ABSTRACT

A sensitive technique for protein sequence motif recognition based on neural networks has been developed by Frishman and Argos, and by Vogt et al. It involves three major steps, (i) At each alignment position of a set of N matched sequences, a set of N aligned oligopeptides is specified with preselected window length. N neural networks are subsequently and successively trained on N − 1 amino acid spans after eliminating each ith oligopeptide. A test for recognition of each of the ith spans is performed. The average neural network recognition over N such trials is used as a measure of conservation for the particular windowed region of the multiple alignment.

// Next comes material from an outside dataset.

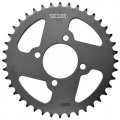Vortex 520 Steel Rear Sprocket 42 Tooth Black For Suzuki Lt160 Quad Runner 1989-2004 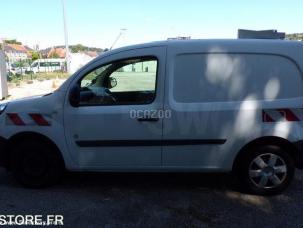 Fourgon avec parois et toit rigide Renault Kangoo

This process is repeated for all possible spans of given length in the multiple alignment, (ii) The M most conserved regions, delineated by significance thresholds, are regarded as motifs and the oligopeptides within each are used to train extensively M individual neural networks, (iii) The M networks are then applied in a search for related primary structures in a large databank of known protein sequences. The oligopeptide spans in the database sequence with strongest neural net output for each of the M networks are saved and then scored according to the output signals and the proper combination which follows the expected N- to C-terminal sequence order. The motifs found from the database search with highest similarity scores can then be used to retrain the M neural nets which can be subsequently utilized for further searches in the databank, thus providing even greater sensitivity to recognize distant familial proteins. This technique was successfully applied to the integrase, DNA-polymerase and immunoglobulin families.